In the broader markets, Small-Cap index and Mid-Cap index mirrored benchmarking indices, falling by around 2.13 per cent and 1.92 per cent, respectively. During the fortnight, domestic sectoral indices remained mixed due to heightened volatility in the Indian equity markets. Some investors believe that for the long term FMCG stocks are the perfect buys that may sustain even through market volatility. As FII inflows lift up equities, FMCG stocks were seen defying the declining market trend. The FMCG index outperformed domestic benchmark indices, gaining by 4.04 per cent during the fortnight.

The IT index surged by 3.30 per cent in the last few weeks as domestic IT stocks followed a global trend, bouncing back higher from the previous pullback. For the same period of time, Power index gained by around 0.52 per cent. In the last few weeks Bankex plunged by 4.59 per cent. Banking and financial stocks were deeply hurt by uncertainty in the markets and deep plunges led by increasing US bond yields and an expected rise in inflation. Meanwhile, towards the end the of the fortnight, the Supreme Court’s decision, while delivering its verdict in the loan moratorium case that a waiver of complete interest is not possible as it affects depositors, brought some respite to banking stocks.

The Supreme Court also further said that the government and the RBI will decide on economic policy based on expert opinion. The bearish sentiments in domestic equity markets engulfed realty stocks as well with the Realty index declining by around 4.43 per cent during the recent fortnight. Following strong rallies towards the end of 2020 as well as earlier this year, automotive stocks seem to have lost their shine led by subdued investors’ interest and profit booking. The Auto index fell by 3.35 per cent during the fortnight.

While the global markets were seen recovering from the dips, concerns regarding rising corona virus cases in India and broad profit booking dragged down domestic benchmark indices.
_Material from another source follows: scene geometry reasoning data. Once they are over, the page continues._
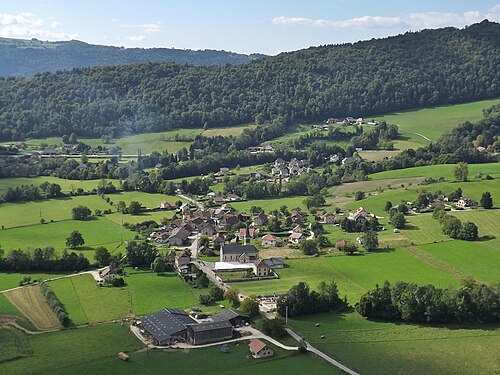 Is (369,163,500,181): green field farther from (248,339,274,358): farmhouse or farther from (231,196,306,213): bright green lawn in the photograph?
(248,339,274,358): farmhouse

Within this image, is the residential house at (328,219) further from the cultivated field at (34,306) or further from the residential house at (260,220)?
the cultivated field at (34,306)

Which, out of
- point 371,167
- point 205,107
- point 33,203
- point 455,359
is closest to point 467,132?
point 371,167

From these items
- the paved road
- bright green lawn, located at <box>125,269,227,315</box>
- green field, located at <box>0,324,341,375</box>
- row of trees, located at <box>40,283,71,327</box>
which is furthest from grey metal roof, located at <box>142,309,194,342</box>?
the paved road

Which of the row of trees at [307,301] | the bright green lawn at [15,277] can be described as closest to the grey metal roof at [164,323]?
the row of trees at [307,301]

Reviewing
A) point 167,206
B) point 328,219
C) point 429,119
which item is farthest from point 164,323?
point 429,119

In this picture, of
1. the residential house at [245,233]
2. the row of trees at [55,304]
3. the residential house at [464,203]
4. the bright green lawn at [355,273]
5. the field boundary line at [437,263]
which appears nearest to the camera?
the row of trees at [55,304]

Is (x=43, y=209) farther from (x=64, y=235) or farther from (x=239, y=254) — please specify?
(x=239, y=254)

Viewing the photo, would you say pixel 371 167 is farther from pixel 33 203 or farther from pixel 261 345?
pixel 261 345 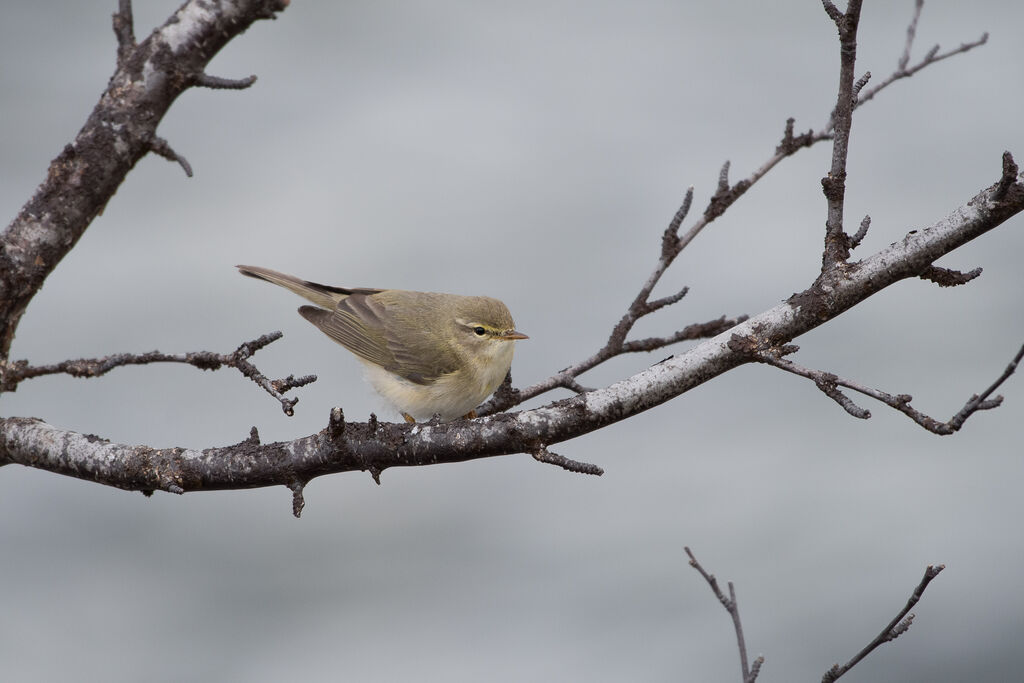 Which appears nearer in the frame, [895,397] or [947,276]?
[895,397]

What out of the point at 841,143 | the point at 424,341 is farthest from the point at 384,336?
the point at 841,143

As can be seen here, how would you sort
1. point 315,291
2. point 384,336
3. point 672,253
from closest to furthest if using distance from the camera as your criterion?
point 672,253 → point 384,336 → point 315,291

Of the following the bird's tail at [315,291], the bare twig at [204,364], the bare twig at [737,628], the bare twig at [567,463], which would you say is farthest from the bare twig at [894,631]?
the bird's tail at [315,291]

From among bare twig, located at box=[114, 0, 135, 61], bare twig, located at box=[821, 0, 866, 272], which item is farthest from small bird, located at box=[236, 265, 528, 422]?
bare twig, located at box=[114, 0, 135, 61]

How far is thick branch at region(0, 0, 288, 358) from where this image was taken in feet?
10.0

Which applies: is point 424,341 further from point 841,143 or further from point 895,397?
point 895,397

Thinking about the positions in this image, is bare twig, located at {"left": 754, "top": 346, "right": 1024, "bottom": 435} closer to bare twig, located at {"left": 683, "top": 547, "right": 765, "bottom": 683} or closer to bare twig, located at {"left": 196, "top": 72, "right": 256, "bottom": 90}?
bare twig, located at {"left": 683, "top": 547, "right": 765, "bottom": 683}

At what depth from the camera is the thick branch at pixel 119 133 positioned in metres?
3.06

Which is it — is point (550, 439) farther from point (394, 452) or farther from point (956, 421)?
point (956, 421)

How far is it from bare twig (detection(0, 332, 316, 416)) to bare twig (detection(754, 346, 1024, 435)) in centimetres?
171

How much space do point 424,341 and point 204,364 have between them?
268 centimetres

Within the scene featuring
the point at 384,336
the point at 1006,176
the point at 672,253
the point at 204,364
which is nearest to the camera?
the point at 1006,176

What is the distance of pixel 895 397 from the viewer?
9.59ft

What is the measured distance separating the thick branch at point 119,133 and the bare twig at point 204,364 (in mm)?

Rising corona virus concerns and reduced efficacy of vaccines for the new strain affected investor sentiments in the pharmaceutical sector. As benchmark indices declined during the fortnight, pharmaceutical and healthcare bucked the trend with the Healthcare index falling by 2.43 per cent in the last few weeks. The Metal index was down by 0.61 per cent during the fortnight. Trading data shows that in the recent fortnight FIIs were net buyers to the tune of Rs 10,537.1 crore while DIIs were net sellers to the tune of Rs 462.81 crore.